REQUIREMENT - Go to the line below containing "Birkenstock - Arizona" and print exactly from there through the line containing "Karl Lagerfeld Handbags", both included. Print nothing else.

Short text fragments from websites
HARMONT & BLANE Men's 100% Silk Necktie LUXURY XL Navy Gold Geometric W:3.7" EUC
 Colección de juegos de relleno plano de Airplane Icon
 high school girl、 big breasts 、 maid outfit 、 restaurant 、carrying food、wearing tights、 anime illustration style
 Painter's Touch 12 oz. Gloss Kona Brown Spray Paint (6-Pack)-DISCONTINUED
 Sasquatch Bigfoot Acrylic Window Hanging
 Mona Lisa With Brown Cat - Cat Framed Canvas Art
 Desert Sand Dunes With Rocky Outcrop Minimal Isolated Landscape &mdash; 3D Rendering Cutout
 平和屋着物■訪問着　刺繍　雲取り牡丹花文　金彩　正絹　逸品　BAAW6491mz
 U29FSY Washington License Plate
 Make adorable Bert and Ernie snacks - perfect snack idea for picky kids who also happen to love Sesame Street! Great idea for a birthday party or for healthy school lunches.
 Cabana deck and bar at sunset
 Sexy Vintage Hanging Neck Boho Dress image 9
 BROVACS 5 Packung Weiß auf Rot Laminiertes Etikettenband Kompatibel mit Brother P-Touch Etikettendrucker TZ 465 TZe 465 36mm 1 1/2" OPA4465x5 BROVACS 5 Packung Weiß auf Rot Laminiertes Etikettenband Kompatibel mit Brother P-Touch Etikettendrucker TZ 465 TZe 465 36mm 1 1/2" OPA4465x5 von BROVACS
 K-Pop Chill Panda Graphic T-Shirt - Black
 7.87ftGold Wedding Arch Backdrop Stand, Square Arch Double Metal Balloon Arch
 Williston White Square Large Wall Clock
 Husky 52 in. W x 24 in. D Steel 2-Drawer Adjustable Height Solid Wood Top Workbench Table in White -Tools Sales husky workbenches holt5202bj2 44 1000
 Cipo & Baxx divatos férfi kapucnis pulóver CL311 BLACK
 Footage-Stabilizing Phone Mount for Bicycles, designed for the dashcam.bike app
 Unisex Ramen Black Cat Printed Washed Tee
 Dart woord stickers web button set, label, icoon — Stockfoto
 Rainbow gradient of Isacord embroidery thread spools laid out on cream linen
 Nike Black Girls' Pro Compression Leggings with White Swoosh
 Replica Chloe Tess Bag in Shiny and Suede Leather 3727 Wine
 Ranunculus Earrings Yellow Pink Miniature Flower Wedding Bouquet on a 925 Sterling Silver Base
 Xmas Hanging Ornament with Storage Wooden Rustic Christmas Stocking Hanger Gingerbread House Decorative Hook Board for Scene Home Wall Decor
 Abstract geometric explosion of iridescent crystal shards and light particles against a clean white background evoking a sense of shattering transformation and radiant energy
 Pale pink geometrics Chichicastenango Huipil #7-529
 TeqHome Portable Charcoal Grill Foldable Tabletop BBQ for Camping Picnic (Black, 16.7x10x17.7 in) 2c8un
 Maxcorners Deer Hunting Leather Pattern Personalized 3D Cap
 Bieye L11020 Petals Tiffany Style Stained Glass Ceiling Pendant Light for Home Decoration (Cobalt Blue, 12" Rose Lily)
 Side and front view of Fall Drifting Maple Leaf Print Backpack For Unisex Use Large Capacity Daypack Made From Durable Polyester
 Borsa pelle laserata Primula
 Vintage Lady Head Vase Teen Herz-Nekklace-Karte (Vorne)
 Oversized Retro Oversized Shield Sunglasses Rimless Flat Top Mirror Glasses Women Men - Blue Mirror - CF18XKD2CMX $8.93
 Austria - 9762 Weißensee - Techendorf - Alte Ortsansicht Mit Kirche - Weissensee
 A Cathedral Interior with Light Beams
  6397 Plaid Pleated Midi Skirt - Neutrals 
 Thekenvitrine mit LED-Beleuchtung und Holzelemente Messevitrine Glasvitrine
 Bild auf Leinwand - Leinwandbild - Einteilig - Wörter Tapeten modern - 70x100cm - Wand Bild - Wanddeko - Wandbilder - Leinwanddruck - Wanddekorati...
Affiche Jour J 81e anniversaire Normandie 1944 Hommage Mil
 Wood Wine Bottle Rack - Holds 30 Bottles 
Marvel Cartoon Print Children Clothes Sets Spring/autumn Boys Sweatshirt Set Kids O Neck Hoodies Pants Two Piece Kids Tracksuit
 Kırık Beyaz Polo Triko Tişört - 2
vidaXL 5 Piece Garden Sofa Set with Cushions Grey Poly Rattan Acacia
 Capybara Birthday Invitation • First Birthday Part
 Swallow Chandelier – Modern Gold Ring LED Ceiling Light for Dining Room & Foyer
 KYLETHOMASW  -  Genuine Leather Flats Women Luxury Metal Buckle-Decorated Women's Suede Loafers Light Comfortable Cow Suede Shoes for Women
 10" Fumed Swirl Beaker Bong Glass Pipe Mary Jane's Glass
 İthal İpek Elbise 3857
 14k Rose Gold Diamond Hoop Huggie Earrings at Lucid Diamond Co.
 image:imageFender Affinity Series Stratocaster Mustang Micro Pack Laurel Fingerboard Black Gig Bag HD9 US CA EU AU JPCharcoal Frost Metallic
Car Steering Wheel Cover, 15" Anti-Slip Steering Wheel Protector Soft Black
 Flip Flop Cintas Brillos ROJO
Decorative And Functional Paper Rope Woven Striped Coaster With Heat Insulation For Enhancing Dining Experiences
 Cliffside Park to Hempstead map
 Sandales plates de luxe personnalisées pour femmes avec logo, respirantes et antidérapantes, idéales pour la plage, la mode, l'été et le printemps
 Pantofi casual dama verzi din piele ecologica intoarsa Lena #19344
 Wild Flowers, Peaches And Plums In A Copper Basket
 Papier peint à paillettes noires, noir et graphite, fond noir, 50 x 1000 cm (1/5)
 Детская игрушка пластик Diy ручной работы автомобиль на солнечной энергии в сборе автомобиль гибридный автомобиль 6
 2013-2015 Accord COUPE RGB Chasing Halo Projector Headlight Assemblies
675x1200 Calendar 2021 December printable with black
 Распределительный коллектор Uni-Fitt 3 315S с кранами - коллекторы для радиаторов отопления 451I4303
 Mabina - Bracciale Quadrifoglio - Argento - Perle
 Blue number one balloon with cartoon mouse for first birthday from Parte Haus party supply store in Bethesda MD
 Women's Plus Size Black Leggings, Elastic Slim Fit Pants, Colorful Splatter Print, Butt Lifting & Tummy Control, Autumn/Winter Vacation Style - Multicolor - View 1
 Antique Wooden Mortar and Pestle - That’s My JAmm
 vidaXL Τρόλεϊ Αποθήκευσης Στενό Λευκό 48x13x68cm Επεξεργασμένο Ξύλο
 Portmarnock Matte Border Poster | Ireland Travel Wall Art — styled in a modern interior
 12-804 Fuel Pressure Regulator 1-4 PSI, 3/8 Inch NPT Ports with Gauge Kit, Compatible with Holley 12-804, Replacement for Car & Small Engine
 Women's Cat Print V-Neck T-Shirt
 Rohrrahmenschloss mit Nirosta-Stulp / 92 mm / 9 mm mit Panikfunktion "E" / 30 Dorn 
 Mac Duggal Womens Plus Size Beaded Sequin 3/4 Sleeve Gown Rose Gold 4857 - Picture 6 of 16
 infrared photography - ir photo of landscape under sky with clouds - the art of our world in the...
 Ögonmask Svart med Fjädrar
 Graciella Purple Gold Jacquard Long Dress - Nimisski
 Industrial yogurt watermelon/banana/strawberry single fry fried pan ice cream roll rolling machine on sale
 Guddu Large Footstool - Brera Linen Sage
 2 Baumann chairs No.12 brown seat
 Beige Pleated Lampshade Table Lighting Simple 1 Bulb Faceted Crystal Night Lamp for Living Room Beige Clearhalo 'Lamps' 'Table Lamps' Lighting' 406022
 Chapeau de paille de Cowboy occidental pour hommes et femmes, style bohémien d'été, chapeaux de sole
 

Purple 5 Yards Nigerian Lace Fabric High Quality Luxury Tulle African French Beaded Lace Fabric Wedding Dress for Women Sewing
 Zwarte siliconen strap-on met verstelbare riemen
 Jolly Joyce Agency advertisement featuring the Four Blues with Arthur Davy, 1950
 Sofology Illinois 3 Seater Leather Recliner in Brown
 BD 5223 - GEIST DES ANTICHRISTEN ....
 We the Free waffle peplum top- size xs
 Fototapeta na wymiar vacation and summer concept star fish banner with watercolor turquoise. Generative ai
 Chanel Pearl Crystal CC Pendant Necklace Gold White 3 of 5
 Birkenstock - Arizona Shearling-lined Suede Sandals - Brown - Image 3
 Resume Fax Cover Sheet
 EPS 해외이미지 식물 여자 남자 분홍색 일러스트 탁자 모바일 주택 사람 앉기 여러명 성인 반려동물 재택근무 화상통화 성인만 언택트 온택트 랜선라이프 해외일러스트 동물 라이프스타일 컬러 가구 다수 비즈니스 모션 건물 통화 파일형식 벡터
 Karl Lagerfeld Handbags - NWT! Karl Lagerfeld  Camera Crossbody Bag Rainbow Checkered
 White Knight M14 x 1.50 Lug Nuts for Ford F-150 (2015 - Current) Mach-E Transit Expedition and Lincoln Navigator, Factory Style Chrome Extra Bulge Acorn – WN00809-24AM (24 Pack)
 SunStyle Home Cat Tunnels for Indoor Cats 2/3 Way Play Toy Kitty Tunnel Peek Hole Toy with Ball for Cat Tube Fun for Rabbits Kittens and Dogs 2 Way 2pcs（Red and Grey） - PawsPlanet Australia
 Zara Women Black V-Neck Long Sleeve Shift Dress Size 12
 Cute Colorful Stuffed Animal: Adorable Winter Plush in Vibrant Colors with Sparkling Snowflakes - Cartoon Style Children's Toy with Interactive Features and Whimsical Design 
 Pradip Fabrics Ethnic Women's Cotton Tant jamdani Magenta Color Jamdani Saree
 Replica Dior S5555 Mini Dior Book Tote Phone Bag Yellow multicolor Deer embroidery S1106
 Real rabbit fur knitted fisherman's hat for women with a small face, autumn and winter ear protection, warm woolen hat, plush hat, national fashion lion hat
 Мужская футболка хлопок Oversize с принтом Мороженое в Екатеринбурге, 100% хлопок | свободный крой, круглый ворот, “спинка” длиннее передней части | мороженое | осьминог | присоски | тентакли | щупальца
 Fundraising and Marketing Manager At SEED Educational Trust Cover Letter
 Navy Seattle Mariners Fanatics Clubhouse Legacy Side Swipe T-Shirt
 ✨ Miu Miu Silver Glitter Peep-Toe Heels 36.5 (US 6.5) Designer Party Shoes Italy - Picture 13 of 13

TASK RESULT -
 Birkenstock - Arizona Shearling-lined Suede Sandals - Brown - Image 3
 Resume Fax Cover Sheet
 EPS 해외이미지 식물 여자 남자 분홍색 일러스트 탁자 모바일 주택 사람 앉기 여러명 성인 반려동물 재택근무 화상통화 성인만 언택트 온택트 랜선라이프 해외일러스트 동물 라이프스타일 컬러 가구 다수 비즈니스 모션 건물 통화 파일형식 벡터
 Karl Lagerfeld Handbags - NWT! Karl Lagerfeld  Camera Crossbody Bag Rainbow Checkered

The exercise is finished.